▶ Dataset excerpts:
....
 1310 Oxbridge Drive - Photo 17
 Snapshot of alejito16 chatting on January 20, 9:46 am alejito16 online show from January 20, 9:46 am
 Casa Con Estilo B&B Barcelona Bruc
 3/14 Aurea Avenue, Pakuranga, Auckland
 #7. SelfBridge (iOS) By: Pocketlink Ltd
....
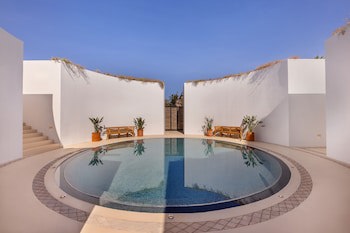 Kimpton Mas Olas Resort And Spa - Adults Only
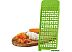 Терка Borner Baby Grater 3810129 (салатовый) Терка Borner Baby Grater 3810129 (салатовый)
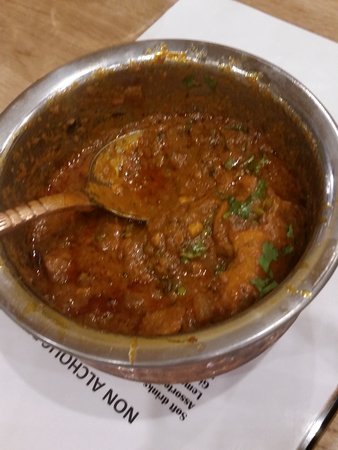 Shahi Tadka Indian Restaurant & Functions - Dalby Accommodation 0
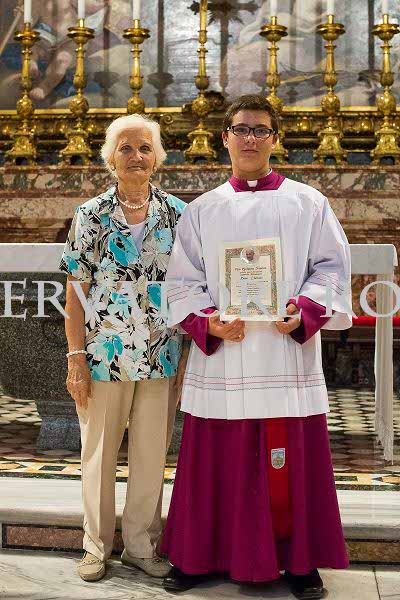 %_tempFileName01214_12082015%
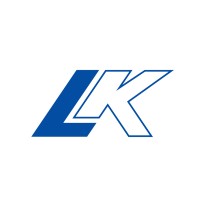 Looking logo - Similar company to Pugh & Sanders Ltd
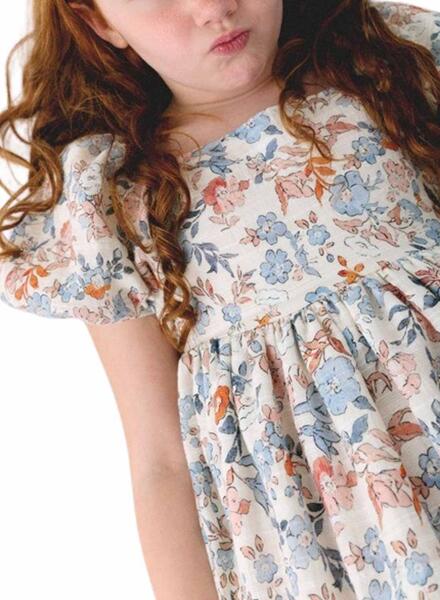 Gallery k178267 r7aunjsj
....
▶ Exercise directions:
All lines above from the one containing "Casa Con Estilo B&B Barcelona Bruc" to the one containing "#7. SelfBridge (iOS) By: Pocketlink Ltd" must be repeated exactly, both lines included, and no others.

▶ Answer space:
 Casa Con Estilo B&B Barcelona Bruc
 3/14 Aurea Avenue, Pakuranga, Auckland
 #7. SelfBridge (iOS) By: Pocketlink Ltd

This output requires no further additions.